Ces articles de la rubrique « Ailleurs sur le web » sont publiés à titre d'information et n'engagent pas la Tendance CLAIRE.
https://paris-luttes.info/grand-palais-les-flics-ont-mis-des-4456
Entretien avec Paulette qui est parvenue à berner l’incroyable dispositif de sécurité mis en place autour du Grand Palais, vendredi 4 décembre et à participer avec plusieurs dizaines d’activistes au blocage de l’exposition Solutions COP21.
« Je pense que j’ai réussi à rentrer parce que j’étais habillée d’une manière assez classe et que j’avais la tête de l’emploi. Je suis rentrée dans un rôle, en fait, celui de quelqu’un qui habite plutôt dans le 5e arrondissement de Paris, les quartiers un peu bourgeois et qui n’avait pas la tête d’une militante écologiste. Mais la tête du militant écologiste était assez variée parce qu’ils ont refusé énormément de monde, des vieux, des jeunes, pas seulement ceux qui avaient des gros sarouels avec des locks quoi ! Ils ont vraiment écrémé énormément de monde. C’était très très violent à vivre, avec des Robocops qui nous regardaient et qui disaient : « Toi oui, toi non ». C’était vraiment la sensation d’être dirigés à l’abattoir. On était du bétail.
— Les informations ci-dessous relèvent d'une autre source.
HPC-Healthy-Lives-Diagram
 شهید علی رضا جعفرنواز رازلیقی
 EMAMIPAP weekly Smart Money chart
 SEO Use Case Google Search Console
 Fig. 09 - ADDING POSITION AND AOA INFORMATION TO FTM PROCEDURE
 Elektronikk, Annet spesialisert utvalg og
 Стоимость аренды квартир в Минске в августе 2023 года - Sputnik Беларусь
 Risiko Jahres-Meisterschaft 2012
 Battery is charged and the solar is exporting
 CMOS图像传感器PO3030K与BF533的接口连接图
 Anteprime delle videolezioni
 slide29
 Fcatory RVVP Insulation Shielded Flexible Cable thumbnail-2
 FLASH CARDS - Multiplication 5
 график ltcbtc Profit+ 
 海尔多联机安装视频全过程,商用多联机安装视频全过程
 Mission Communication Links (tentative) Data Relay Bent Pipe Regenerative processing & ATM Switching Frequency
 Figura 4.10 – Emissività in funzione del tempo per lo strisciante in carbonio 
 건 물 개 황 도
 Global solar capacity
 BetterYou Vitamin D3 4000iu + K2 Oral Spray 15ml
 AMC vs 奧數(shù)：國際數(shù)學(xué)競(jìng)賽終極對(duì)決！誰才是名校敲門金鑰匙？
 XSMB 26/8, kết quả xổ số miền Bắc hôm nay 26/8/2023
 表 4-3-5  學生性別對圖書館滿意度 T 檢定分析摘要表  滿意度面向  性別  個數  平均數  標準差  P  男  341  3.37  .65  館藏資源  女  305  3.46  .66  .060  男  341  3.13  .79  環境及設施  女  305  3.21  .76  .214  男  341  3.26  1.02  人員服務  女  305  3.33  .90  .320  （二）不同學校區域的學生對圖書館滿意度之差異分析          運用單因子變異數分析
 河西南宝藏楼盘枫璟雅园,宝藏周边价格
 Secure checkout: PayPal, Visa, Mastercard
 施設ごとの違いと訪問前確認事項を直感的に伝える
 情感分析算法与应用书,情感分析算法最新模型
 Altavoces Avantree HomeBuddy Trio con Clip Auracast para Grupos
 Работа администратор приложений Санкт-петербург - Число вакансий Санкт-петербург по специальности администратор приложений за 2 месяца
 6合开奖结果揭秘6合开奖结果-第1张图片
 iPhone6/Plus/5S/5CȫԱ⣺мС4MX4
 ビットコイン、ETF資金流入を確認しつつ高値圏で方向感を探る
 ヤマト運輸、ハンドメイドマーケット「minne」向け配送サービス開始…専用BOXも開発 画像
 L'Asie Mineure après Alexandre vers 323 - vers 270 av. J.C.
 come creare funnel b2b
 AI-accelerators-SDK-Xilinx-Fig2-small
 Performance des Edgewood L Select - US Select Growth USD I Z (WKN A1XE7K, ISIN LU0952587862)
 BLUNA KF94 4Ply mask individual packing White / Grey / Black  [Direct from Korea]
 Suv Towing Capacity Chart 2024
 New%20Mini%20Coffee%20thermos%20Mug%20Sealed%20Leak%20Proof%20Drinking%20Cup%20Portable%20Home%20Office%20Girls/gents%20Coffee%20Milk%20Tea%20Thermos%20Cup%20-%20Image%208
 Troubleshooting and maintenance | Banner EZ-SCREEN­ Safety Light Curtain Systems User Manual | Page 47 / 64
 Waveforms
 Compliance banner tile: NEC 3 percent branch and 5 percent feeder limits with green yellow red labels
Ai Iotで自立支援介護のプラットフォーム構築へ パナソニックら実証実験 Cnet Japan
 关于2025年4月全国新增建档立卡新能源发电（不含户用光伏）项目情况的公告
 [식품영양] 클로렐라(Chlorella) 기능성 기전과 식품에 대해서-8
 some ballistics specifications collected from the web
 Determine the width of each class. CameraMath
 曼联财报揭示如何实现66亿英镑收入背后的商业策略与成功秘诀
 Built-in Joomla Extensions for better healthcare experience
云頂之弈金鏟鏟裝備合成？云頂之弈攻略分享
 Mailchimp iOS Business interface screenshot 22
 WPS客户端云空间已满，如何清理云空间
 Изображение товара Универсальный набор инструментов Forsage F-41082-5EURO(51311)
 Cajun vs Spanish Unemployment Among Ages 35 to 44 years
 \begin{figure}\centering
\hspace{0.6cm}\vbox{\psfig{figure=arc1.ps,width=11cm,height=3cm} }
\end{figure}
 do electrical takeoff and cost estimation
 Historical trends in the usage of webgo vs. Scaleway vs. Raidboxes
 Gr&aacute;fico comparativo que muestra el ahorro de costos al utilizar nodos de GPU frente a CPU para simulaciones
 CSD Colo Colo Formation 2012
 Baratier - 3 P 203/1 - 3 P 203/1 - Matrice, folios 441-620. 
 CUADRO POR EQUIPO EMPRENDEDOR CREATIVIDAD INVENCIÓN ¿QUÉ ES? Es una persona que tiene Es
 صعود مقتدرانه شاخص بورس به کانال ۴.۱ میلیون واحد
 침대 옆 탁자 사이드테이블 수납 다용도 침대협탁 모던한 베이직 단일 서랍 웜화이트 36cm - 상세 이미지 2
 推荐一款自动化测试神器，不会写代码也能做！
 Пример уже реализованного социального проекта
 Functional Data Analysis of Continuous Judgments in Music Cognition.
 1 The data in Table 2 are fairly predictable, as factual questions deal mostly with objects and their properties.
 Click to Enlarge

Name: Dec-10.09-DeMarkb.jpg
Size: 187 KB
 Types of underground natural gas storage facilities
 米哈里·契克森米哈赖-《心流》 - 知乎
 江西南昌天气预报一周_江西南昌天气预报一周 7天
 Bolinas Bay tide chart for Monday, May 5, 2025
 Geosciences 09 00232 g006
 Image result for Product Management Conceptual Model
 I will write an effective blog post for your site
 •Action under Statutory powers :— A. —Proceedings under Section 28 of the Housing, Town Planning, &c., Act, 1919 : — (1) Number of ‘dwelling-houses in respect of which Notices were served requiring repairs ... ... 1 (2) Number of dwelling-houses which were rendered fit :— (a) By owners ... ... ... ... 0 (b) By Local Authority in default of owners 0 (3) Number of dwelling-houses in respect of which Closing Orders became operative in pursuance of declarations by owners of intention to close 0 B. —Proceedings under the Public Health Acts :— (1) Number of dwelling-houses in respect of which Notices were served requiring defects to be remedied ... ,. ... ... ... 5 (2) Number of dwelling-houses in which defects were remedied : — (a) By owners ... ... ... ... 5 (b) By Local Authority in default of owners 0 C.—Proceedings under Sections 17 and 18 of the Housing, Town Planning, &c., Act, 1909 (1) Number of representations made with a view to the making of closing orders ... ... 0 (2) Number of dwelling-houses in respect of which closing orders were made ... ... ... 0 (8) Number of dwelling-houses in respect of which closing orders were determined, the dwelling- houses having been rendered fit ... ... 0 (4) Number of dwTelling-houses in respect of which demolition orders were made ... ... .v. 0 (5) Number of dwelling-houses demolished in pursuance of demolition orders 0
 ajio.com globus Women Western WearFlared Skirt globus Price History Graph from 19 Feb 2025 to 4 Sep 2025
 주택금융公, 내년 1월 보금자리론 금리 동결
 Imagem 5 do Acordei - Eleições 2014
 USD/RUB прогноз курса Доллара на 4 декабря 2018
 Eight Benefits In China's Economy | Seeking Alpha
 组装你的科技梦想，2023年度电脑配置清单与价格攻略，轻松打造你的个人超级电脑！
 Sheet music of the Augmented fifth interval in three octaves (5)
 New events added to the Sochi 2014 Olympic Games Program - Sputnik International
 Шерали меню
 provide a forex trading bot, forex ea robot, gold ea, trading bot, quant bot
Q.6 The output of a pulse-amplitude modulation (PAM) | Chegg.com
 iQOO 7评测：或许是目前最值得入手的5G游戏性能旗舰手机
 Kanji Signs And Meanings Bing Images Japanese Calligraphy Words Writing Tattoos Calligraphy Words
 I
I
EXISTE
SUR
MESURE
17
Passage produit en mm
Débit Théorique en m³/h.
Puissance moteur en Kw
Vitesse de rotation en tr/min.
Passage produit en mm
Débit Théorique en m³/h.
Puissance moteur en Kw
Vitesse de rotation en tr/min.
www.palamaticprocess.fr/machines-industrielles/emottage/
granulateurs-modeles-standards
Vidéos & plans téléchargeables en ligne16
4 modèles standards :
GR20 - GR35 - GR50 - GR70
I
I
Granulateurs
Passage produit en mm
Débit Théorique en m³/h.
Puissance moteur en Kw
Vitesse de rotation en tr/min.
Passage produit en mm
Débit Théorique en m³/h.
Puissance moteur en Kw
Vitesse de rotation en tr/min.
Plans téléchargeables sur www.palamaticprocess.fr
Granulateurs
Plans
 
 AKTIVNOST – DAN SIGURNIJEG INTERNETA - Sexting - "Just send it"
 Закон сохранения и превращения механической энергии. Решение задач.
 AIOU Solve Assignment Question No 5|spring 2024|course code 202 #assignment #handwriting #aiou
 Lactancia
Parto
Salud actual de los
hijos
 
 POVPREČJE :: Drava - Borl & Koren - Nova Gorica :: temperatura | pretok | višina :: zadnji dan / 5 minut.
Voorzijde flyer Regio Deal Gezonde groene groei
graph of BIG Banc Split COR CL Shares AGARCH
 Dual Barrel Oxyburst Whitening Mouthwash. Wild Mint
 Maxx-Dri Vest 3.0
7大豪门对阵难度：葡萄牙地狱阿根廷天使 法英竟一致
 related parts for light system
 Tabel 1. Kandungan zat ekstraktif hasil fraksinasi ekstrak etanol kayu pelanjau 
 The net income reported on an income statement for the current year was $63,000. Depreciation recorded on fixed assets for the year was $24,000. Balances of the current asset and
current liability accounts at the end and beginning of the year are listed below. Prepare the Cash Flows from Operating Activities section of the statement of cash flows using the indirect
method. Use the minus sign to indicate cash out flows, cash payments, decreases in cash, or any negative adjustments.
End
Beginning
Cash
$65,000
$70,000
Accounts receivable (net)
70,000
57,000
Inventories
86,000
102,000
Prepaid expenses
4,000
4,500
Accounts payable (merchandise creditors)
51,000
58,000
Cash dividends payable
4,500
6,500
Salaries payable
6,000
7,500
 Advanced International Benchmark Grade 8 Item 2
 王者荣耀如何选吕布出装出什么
J’ai gardé mon sang froid quand j’ai été séparée de mon compagnon - parce que lui n’a pas pu entrer - et je me suis dit qu’il fallait jouer le jeu à fond. Je me suis fait fouiller trois fois, filmer, prendre en photo, avant de pouvoir accéder aux locaux du Grand Palais.
On avait l’impression qu’ils s’attendaient à une bombe, à ce que quelqu’un qui allait sortir une mitraillette…
Une fois à l’intérieur, il y avait cet aspect extrêmement propre de l’exposition. Rutilante. Il y avait plus de policiers en civil de la BAC que de public. Ils étaient vraiment absolument partout. Ils faisaient vraiment peur. Ils étaient avec leurs jambes écartées, les mains dans le dos, à faire des 360° avec leurs têtes. Il ne portaient pas de brassard donc je pense que quand tu ne connais pas, tu ne les remarques pas, mais moi j’ai tout de suite vu qu’ils cherchaient tout ce qui pouvait se passer. Ils ne savaient pas vraiment ce qui allait se passer. On avait l’impression qu’ils s’attendaient à une bombe, à ce que quelqu’un qui allait sortir une mitraillette… C’était ce niveau-là de sécurisation du lieu.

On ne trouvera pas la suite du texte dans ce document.